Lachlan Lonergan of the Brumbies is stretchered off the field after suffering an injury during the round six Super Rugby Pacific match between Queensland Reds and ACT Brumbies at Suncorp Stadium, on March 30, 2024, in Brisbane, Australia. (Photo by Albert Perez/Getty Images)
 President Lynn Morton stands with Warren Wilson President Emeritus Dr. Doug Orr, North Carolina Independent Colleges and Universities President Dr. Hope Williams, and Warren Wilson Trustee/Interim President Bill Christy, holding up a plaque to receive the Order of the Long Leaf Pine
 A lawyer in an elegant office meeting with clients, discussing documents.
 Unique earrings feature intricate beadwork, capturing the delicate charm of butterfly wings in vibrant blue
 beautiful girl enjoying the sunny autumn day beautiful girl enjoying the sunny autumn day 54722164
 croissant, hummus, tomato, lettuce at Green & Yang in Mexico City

_ _ _ _

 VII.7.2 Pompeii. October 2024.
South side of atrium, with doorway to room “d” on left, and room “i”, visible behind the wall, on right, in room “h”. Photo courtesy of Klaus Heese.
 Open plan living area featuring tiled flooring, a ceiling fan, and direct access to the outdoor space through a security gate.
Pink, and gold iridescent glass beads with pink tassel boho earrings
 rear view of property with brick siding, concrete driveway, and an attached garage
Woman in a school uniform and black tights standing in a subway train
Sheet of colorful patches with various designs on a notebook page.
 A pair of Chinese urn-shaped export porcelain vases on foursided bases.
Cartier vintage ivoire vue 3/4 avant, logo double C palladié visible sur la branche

_ _ _ _

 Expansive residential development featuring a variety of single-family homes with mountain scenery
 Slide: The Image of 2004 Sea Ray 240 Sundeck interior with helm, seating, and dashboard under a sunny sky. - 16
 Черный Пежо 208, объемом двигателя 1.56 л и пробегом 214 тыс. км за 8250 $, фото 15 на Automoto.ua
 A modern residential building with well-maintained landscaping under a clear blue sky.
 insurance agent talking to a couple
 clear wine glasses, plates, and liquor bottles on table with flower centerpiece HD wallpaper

_ _ _ _

[Directions for this task]: Check each line above for the word "featuring" and copy the ones that have it.

[Task output]:
 Open plan living area featuring tiled flooring, a ceiling fan, and direct access to the outdoor space through a security gate.
 Expansive residential development featuring a variety of single-family homes with mountain scenery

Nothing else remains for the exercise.